* Material provided:
━━━━━━━━━━━━━━━━━━━━
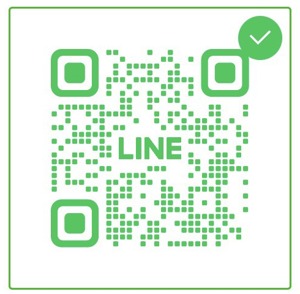 LINE QRコード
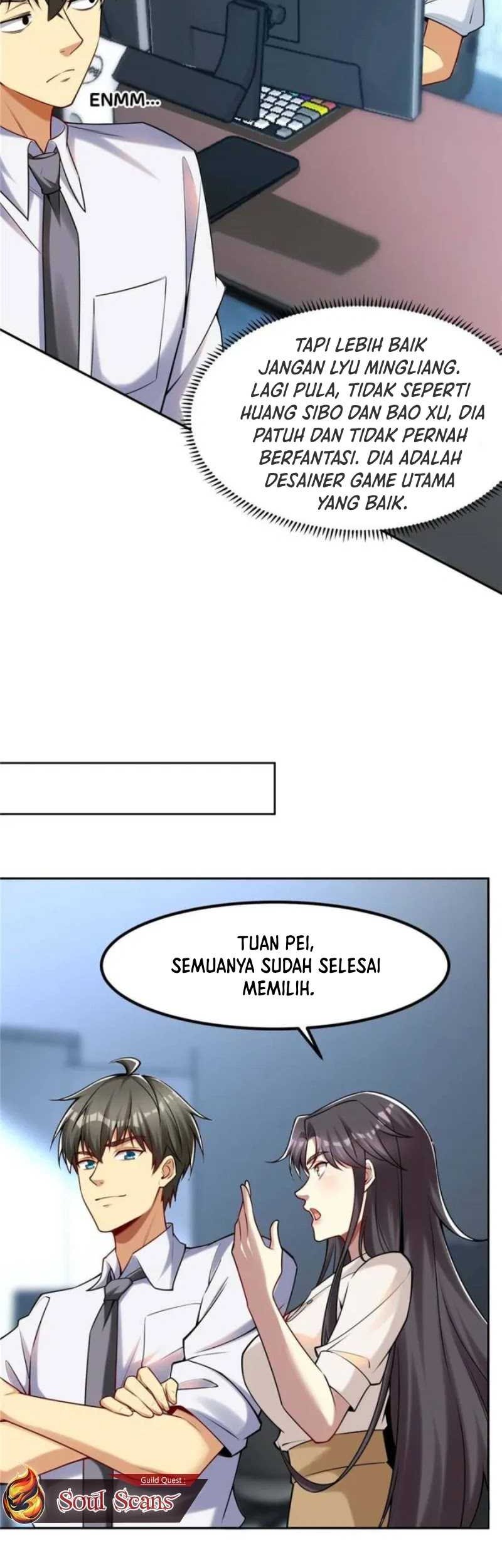 Losing Money to Be a Tycoon Chapter 106 - halaman 7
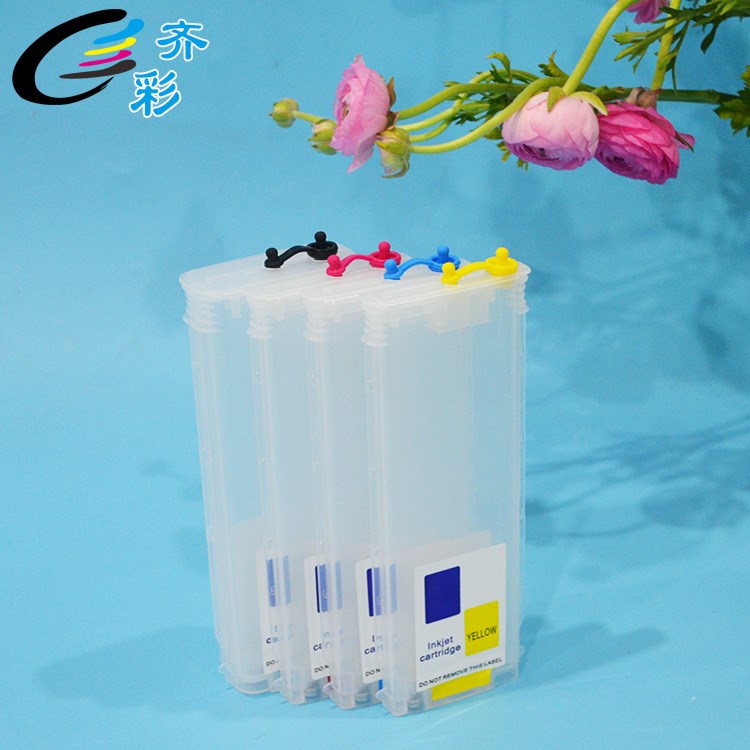 填充墨盒兼容HP110代用墨盒兼容HP10 11號可填充墨盒含芯片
━━━━━━━━━━━━━━━━━━━━
* Your objective: You are asked to reproduce each line above exactly, but to exclude the pictures.

* Finished task:
 LINE QRコード
 Losing Money to Be a Tycoon Chapter 106 - halaman 7
 填充墨盒兼容HP110代用墨盒兼容HP10 11號可填充墨盒含芯片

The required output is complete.